## Data for review
⁂
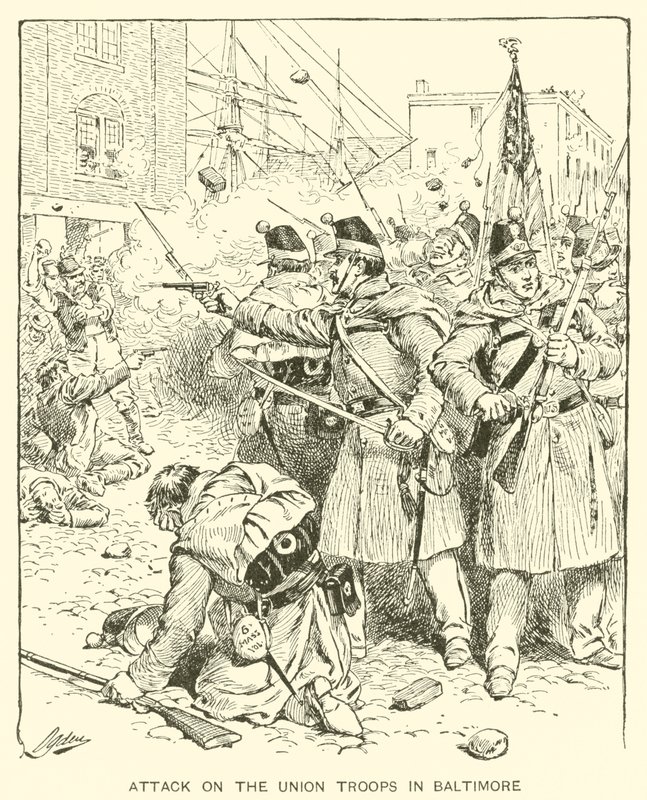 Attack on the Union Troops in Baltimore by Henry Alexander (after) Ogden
⁂
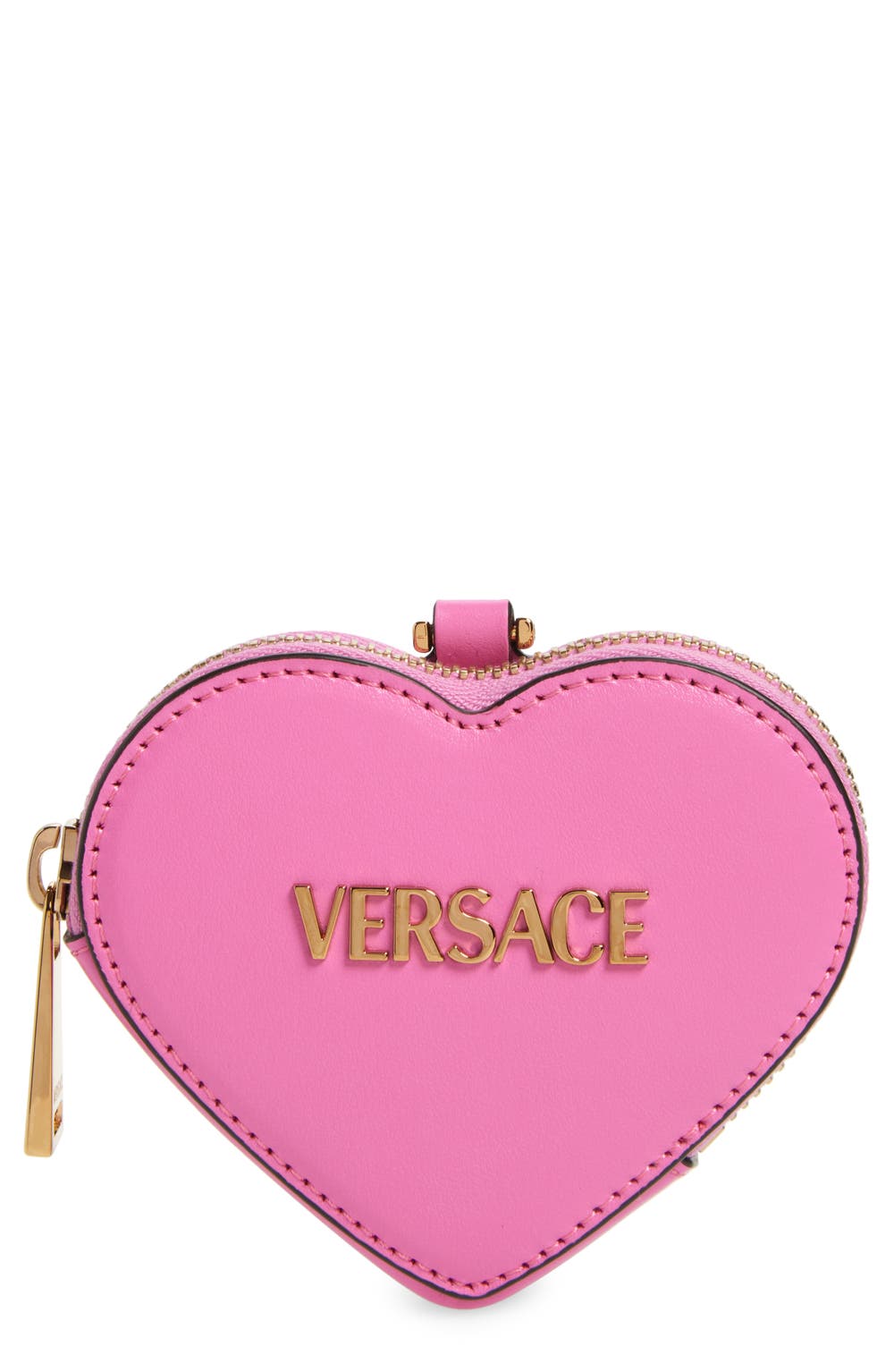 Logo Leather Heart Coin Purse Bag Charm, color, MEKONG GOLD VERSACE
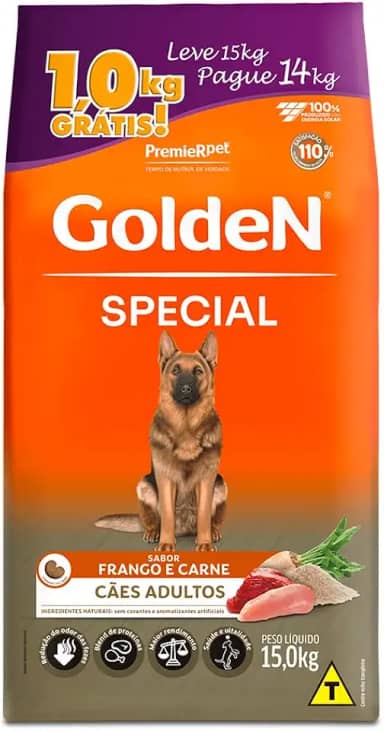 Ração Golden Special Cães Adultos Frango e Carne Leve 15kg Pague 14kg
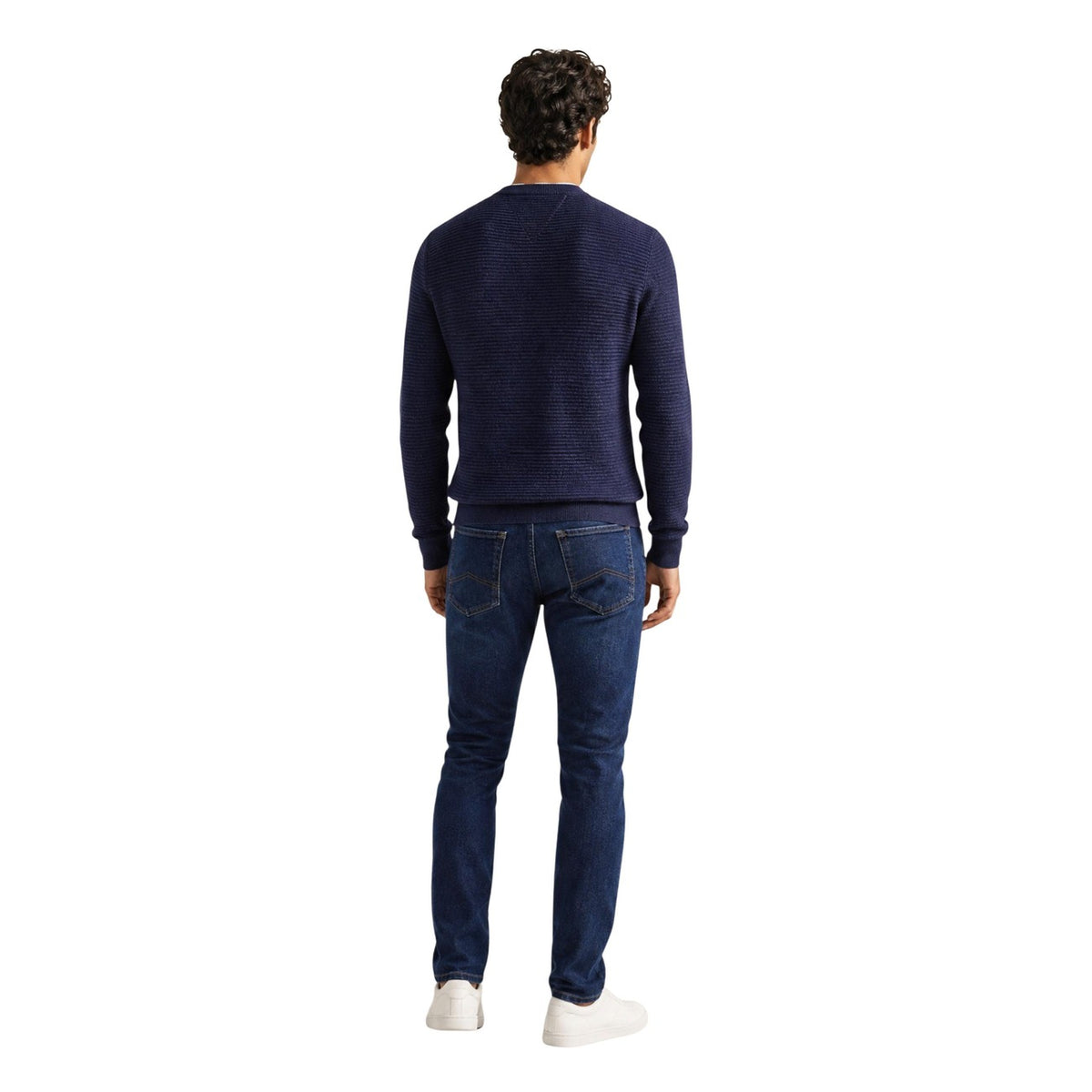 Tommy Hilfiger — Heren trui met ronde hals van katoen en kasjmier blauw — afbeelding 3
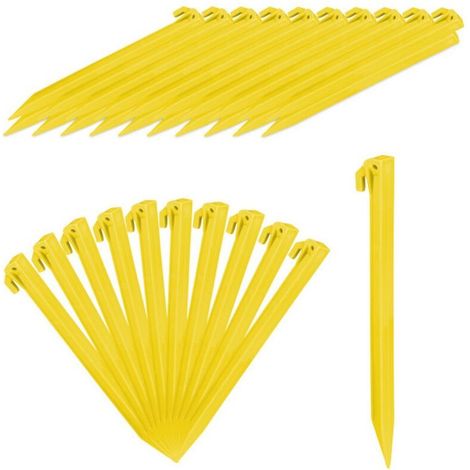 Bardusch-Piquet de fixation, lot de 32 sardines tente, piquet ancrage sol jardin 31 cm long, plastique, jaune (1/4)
⁂
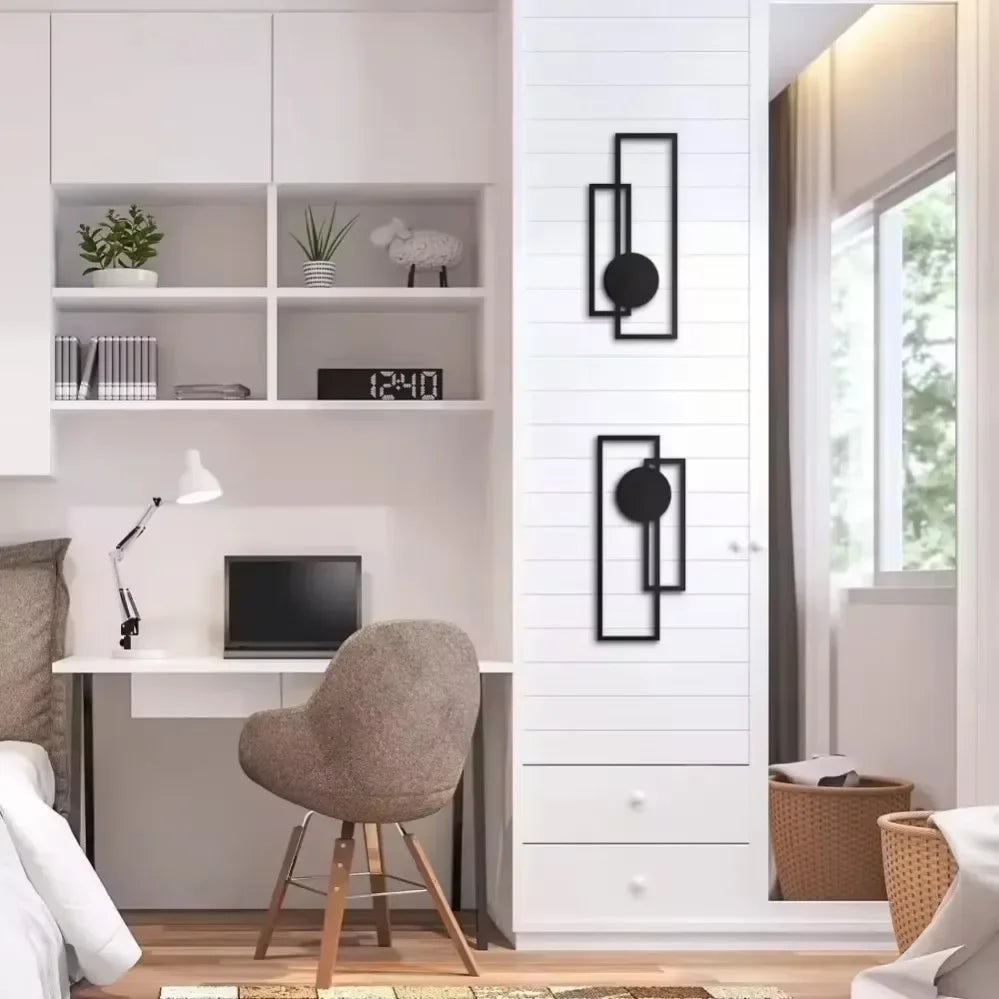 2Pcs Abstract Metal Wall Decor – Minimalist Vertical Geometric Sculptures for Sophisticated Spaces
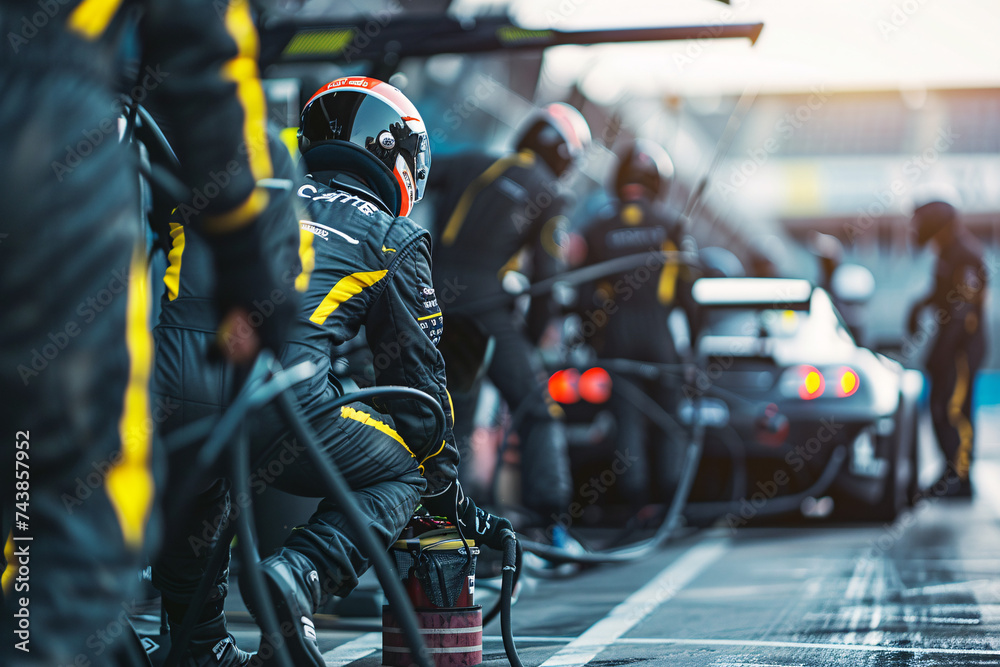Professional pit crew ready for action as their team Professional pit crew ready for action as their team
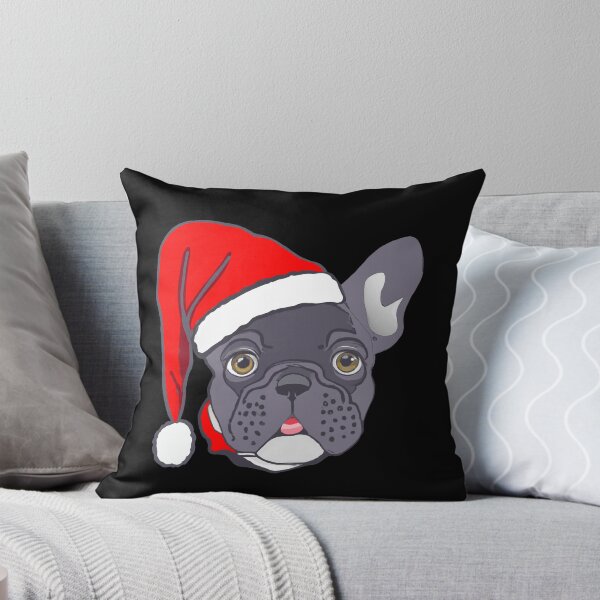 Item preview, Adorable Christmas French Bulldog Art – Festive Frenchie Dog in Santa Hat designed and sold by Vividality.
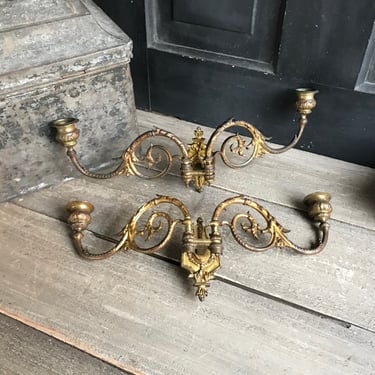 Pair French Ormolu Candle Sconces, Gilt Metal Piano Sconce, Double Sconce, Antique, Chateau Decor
⁂
## Problem requirements
Taking the records above, print only and exactly the lines from the line with "Logo Leather Heart" to the line with "Tommy Hilfiger —", both kept, and exclude pictures.

## Exercise answer
 Logo Leather Heart Coin Purse Bag Charm, color, MEKONG GOLD VERSACE
 Ração Golden Special Cães Adultos Frango e Carne Leve 15kg Pague 14kg
 Tommy Hilfiger — Heren trui met ronde hals van katoen en kasjmier blauw — afbeelding 3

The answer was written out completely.